Many people, especially in huge articles like the GT200 launch article, skip over the very text heavy pages I tend to write. Especially as I have a flair for low-level technical detail that not everyone enjoys.
In this recent foray into GPU architecture guess work, we spent some time speculating about G80 and GT200 SP pipeline depth. Our guess was 8 stages based on the depth of other architectures at that speed and the potential of wasted power with very deep pipelines. It turns out that we may have guessed way too low on this one (Anand: ahem, actually someone came up with 15).
One of our readers, Denis Riedijk, pointed us to NVIDIA's own forums and CUDA programming guide. These sources reveal that properly hiding instruction latency requires 6 active warps per SM. The math on this comes out to an effective latency of 24 cycles before a warp can be scheduled to process the next instruction in its instruction stream. Each warps takes 4 cycles to process in an SM (4 threads from a warp are processed on each of the 8 SPs) and 6*4 is 24. You can also look at it as 6 warps * 32 threads/warp = 192 threads and 192 threads / 8 SPs = 24 threads per SP, and with a throughput of 1 instruction per cycle = 24 cycles.

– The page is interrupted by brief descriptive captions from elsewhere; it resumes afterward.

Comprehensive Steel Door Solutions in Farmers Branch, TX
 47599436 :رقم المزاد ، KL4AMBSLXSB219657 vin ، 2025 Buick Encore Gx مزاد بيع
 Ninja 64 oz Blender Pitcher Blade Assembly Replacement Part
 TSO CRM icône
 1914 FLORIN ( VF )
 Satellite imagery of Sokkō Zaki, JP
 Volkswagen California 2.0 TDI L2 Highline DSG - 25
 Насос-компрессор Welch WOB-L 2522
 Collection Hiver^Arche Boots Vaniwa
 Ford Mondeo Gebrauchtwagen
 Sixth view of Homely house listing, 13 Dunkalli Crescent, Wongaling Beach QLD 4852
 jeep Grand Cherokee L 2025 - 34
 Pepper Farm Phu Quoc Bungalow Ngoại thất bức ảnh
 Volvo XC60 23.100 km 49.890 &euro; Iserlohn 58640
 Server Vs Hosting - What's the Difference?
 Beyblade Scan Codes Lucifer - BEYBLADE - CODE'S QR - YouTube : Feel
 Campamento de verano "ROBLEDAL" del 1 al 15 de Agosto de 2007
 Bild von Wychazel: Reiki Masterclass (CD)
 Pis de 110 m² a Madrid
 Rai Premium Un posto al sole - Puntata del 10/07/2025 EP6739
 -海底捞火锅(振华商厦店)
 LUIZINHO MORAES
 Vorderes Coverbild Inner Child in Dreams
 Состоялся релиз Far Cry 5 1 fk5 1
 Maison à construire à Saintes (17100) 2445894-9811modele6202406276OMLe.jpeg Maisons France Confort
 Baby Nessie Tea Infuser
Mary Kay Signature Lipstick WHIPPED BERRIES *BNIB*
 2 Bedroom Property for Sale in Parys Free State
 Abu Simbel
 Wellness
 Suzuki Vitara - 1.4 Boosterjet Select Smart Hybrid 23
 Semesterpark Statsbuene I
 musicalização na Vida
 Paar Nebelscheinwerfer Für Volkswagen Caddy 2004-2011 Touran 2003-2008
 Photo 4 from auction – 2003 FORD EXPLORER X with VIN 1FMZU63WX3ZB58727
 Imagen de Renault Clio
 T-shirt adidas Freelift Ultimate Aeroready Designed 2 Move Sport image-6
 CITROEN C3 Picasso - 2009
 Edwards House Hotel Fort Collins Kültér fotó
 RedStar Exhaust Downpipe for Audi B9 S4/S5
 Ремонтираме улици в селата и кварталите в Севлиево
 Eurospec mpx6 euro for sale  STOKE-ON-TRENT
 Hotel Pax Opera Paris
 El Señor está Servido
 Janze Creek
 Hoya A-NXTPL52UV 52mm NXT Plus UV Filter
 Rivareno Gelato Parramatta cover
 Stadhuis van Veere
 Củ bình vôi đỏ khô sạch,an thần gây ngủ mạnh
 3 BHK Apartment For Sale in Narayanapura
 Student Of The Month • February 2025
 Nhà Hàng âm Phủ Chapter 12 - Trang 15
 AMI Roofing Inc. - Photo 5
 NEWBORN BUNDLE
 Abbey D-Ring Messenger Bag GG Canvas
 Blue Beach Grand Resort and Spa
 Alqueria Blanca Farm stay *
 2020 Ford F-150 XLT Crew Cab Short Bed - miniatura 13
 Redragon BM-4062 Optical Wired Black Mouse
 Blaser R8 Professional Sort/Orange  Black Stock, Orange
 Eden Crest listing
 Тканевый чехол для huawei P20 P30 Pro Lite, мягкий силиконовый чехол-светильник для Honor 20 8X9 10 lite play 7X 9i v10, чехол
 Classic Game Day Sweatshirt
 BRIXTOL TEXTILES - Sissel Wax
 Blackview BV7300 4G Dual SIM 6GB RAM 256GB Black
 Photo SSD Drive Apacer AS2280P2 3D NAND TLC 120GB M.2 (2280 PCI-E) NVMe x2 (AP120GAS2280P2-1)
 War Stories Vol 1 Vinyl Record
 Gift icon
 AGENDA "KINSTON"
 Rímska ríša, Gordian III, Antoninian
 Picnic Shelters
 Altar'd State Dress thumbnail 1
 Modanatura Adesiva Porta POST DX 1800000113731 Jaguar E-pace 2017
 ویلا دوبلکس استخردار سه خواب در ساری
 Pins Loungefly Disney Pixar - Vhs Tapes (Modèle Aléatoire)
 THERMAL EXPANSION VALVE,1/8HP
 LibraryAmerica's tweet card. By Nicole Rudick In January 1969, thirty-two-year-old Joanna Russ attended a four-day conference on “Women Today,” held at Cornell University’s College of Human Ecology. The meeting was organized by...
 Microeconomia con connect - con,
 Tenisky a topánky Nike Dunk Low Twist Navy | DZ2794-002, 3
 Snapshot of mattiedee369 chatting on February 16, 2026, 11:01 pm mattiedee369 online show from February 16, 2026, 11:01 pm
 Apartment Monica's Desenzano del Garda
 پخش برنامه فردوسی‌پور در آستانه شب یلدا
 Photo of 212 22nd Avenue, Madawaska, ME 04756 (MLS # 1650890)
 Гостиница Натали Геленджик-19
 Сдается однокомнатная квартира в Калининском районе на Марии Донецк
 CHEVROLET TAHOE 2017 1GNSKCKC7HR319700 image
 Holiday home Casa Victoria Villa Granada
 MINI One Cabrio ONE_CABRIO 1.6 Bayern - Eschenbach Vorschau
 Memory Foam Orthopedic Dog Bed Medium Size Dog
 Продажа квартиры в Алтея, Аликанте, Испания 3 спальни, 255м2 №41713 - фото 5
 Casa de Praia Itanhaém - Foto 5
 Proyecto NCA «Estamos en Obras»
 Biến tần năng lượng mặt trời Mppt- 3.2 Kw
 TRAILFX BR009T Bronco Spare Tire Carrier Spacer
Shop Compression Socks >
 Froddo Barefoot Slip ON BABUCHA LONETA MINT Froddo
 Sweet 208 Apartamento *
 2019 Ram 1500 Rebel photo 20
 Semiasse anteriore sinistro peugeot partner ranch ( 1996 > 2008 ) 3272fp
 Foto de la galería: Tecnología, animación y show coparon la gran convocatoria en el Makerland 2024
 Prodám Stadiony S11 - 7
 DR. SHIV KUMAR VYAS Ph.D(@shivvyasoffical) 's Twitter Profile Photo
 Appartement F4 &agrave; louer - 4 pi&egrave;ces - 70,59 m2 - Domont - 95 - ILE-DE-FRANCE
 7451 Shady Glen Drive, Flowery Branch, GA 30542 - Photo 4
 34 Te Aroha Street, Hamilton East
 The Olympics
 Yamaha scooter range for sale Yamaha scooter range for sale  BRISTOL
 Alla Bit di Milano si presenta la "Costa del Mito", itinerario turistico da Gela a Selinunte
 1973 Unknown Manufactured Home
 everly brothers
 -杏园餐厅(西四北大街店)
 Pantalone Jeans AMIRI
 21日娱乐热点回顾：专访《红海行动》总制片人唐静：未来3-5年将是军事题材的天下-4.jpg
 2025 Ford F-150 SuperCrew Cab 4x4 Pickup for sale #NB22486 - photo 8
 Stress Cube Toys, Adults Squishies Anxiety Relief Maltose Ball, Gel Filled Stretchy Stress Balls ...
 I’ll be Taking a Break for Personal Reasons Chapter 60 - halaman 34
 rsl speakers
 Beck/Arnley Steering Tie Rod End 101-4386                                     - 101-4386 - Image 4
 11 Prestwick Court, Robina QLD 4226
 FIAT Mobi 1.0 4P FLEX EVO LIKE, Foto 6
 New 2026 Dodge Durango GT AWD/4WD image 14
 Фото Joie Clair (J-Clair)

My first thought was that their scheduling hardware might not be able to handle scheduling fewer warps fast enough or that the way they manage local memory might require a delay for some other reason to cover read after write dependancies. But reading through the threads Denis pointed us to really seem to indicate that it might just be pipeline depth that gives us this lantecy. From NVIDIA's Mark Harris in one of the threads:
"The latency is approximately 22 clocks (this is the 1.35 GHz clock on 8800 GTX), and it takes 4 clocks to execute an arithmetic instruction (ADD, MUL, MAD, etc,) for a whole warp."
There's also an indication of the size of G80/GT200's SP register file in the CUDA forums. Harris mentions that one way of hiding ALU latency is by ensuring at most 25% of the available register space is in use, or 42 registers per thread. That would put G80 at 168 registers or GT200 at 336 registers per thread.
Which brings us to a broader point. NVIDIA is going to have to give CUDA developers more detail in order for them to effectively use the hardware. Certainly we don't believe Intel gives away as much technical detail as they do because they are so benevolent: developers need to know the details in order to get the most out of their code, and this is more and more true as you reach up into the HPC markets that NVIDIA is targeting. Companies that pay hundreds of thousands for compute clusters aren't interested in just throwing away compute power: they want and need to get the most out of every cycle.
While I do hope that NVIDIA will continue to move in the direction of giving us more detail, or at least of giving us the detail they are already publicly sharing with developers, we certainly do have a better idea of where to look when we want low-level technical information now. Looks like I'm going to have to sit down and start writing all those CUDA apps I've been putting off.